──────── Supplied data ────────

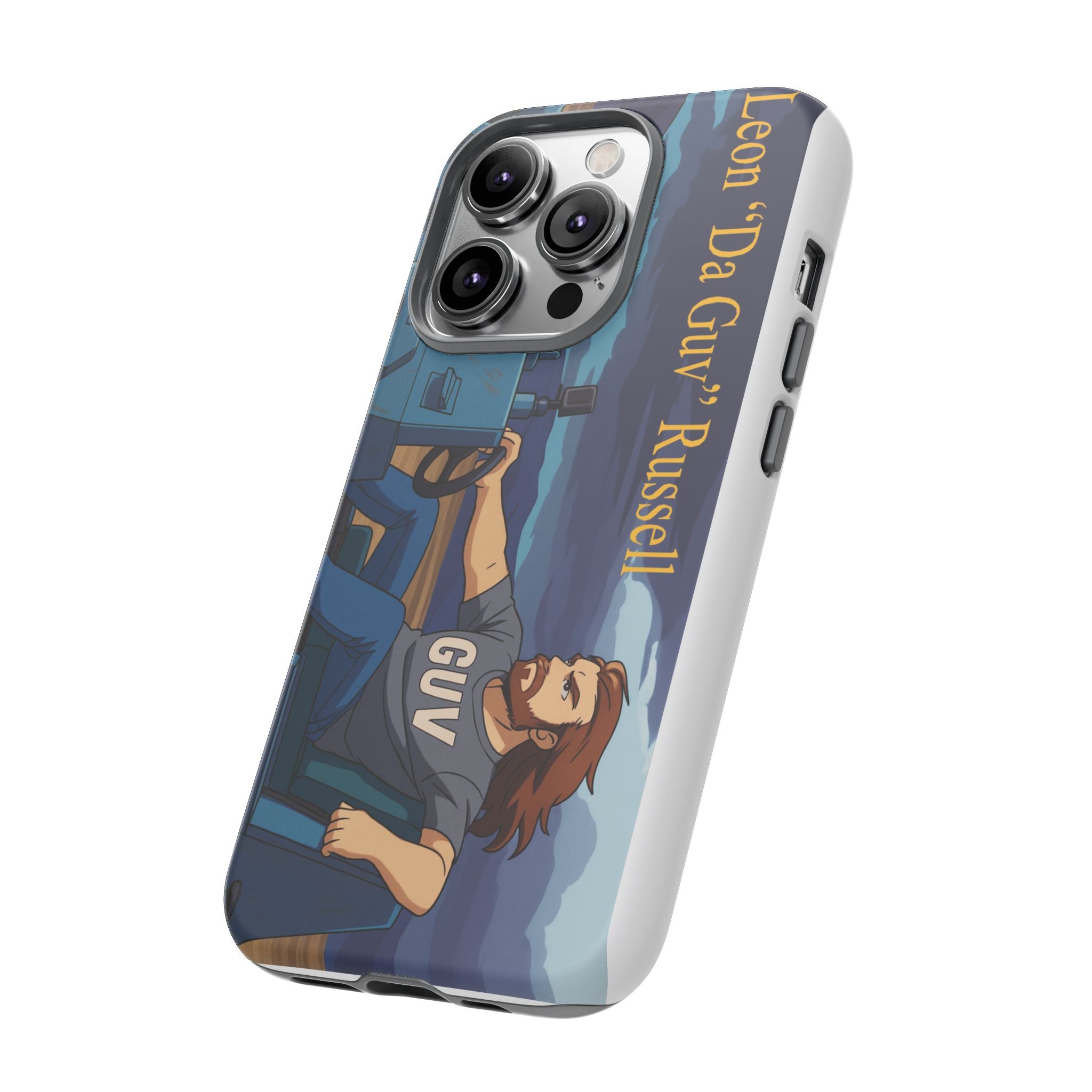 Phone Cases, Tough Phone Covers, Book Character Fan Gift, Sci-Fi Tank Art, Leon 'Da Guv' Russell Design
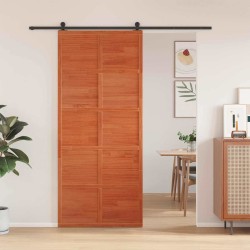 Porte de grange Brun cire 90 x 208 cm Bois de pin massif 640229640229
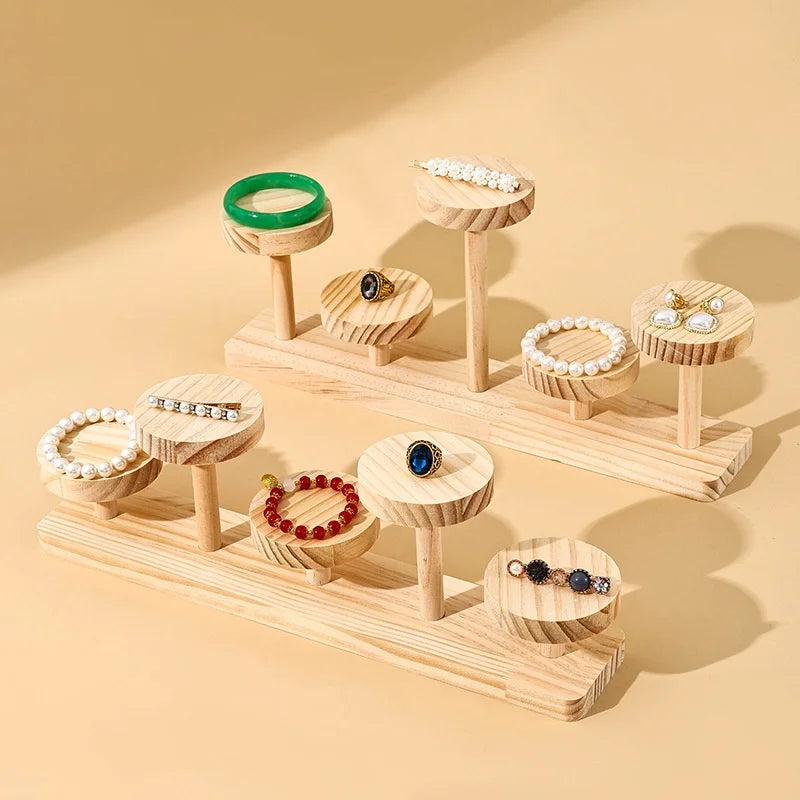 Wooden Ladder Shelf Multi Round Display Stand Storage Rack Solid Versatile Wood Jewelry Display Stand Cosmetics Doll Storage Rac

────────

--- The problem ---
Set out nothing but the lines from the line with "Porte de grange" through the end of the material, reproduced exactly, both ends included, pictures omitted.

--- Solution to the problem ---
 Porte de grange Brun cire 90 x 208 cm Bois de pin massif 640229640229
 Wooden Ladder Shelf Multi Round Display Stand Storage Rack Solid Versatile Wood Jewelry Display Stand Cosmetics Doll Storage Rac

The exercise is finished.